Je parle de zone de mémoire puisque la mémoire physique est en réalité représentée par bloc que l’on appelle des pages (en général de 4096 octets, tout dépend de l’architecture du processeur).
Si une demande de translation est faite pour une adresse virtuelle qui ne correspond à aucune entrée dans la table du MMU, il y a alors un page-fault et celui-ci avertit le kernel qui doit gérer plusieurs cas possibles:
- Le programme n’a pas accès à la zone mémoire souhaitée et un
SIGSEGV
est envoyé au processus (segmentation fault) - L’adresse correspond à une zone de la RAM compressée nommée le zswap, le kernel s’occupe alors de récupérer la page dans cette zone, de la décompresser, de la mettre dans la mémoire physique et enfin de mettre à jour le MMU ou bien l’adresse correspond à une zone du disque, le procédé est le même sans la decompression
- L’adresse est valide mais le programme n’a pas la permission nécessaire pour écrire, le kernel s’occupe de créer un duplicata de la page et met à jour le MMU
Le cas de fork()
L’appel à fork()
créé un processus enfant et ce de manière instantanée, indépendamment de la taille que peut prendre en mémoire le processus père. L’explication est simple, les pages de la section data, heap et stack de ce dernier ne sont pas dupliquées mais partagées en lecture avec une protection en écriture. Ainsi, les entrées de ces pages dans la table du processus fils correspondent aux entrées des adresses de mémoire physique des pages dans la table du processus père. Un compteur de référence des entrées de page est associé à la page. Si l’un des processus vient à écrire sur ces pages, il y a un minor page fault (voir plus haut), le kernel est prévenu par le MMU (qui suspend alors le processus) et alloue une nouvelle page physique, copie le contenu de la page partagée dans cette nouvelle page, attache la nouvelle page à la table de page, marque cette page comme possédant un droit d’écriture et décrémente le compteur de référence de la page.

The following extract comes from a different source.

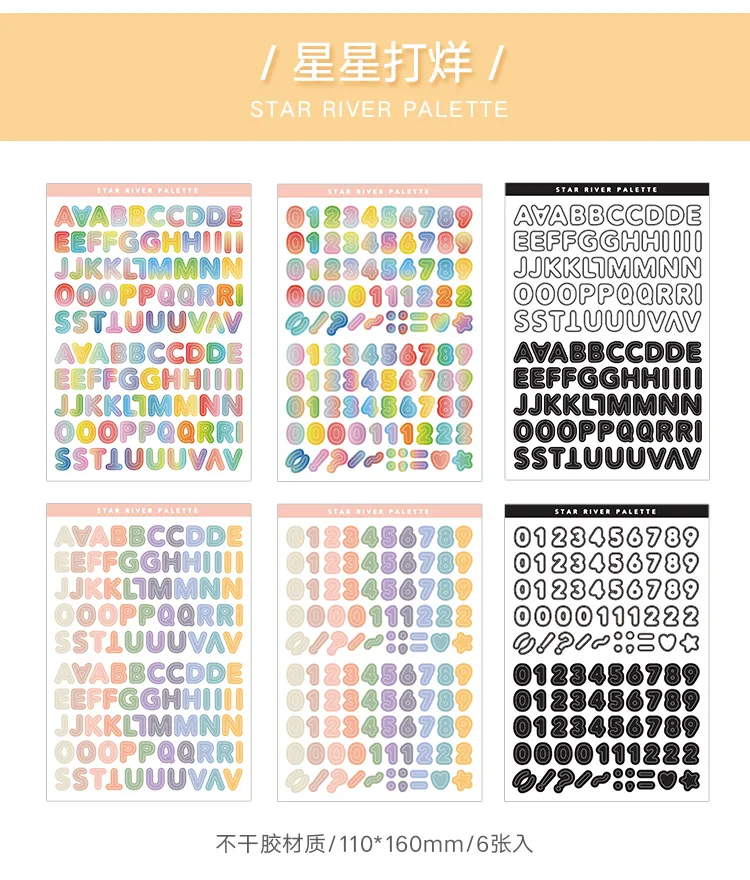 6 Sheets Alphabet Stickers Self Adhesive Letter Stickers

Chacun des processus peut donc modifier sa propre copie privée de la page et ce sans risquer d’altérer une zone mémoire qui ne lui est pas destinée.
Le CoW est notamment utile dans le cas où un processus fils fait directement appel à execve
(ce qui est très souvent le cas, par exemple lorsque l’utilisateur utilise la commande ls
). Cet appel remplace les sections data, heap et stack du processus fils, il est donc inutile de les avoir copiées au préalable.
L’implémentation de fork() au sein du kernel v5.5.9
Le fork()
est géré par le fichier /kernel/fork.c
Son observation nous informe d’entrée de jeu que la gestion de la mémoire lors d’un fork()
se fait (non sans mal) au sein de /mm/memory.c
/*
* 'fork.c' contains the help-routines for the 'fork' system call
* (see also entry.S and others).
* Fork is rather simple, once you get the hang of it, but the memory
* management can be a bitch. See 'mm/memory.c': 'copy_page_range()'
*/
Nous n’allons pas nous rendre dans ce fichier directement, mais plutôt suivre des pistes en commençant par fork.c
L’appel système fork est défini dans /kernel/fork.c
#ifdef __ARCH_WANT_SYS_FORK SYSCALL_DEFINE0(fork) { #ifdef CONFIG_MMU struct kernel_clone_args args = { .exit_signal = SIGCHLD, }; return _do_fork(&args); #else /* can not support in nommu mode */ return -EINVAL; #endif } #endif
La fonction _do_fork() est la routine principale du fork évoquée dans le commentaire plus haut.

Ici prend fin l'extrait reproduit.